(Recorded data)
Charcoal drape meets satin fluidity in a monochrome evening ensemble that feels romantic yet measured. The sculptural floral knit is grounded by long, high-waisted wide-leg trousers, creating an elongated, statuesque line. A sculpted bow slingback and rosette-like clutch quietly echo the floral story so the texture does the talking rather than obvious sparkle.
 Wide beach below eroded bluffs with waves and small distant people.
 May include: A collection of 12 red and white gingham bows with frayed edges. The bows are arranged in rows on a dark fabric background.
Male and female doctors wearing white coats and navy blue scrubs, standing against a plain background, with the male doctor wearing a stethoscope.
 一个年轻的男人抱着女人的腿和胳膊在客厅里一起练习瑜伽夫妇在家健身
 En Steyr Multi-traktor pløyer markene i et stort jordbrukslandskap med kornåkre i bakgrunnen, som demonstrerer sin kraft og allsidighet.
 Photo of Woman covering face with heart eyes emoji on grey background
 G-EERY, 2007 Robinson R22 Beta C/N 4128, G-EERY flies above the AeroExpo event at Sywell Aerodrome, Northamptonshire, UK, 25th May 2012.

> Exercise
Write every entry out again. Keep each one exact.

> Solution to this problem
Charcoal drape meets satin fluidity in a monochrome evening ensemble that feels romantic yet measured. The sculptural floral knit is grounded by long, high-waisted wide-leg trousers, creating an elongated, statuesque line. A sculpted bow slingback and rosette-like clutch quietly echo the floral story so the texture does the talking rather than obvious sparkle.
 Wide beach below eroded bluffs with waves and small distant people.
 May include: A collection of 12 red and white gingham bows with frayed edges. The bows are arranged in rows on a dark fabric background.
Male and female doctors wearing white coats and navy blue scrubs, standing against a plain background, with the male doctor wearing a stethoscope.
 一个年轻的男人抱着女人的腿和胳膊在客厅里一起练习瑜伽夫妇在家健身
 En Steyr Multi-traktor pløyer markene i et stort jordbrukslandskap med kornåkre i bakgrunnen, som demonstrerer sin kraft og allsidighet.
 Photo of Woman covering face with heart eyes emoji on grey background
 G-EERY, 2007 Robinson R22 Beta C/N 4128, G-EERY flies above the AeroExpo event at Sywell Aerodrome, Northamptonshire, UK, 25th May 2012.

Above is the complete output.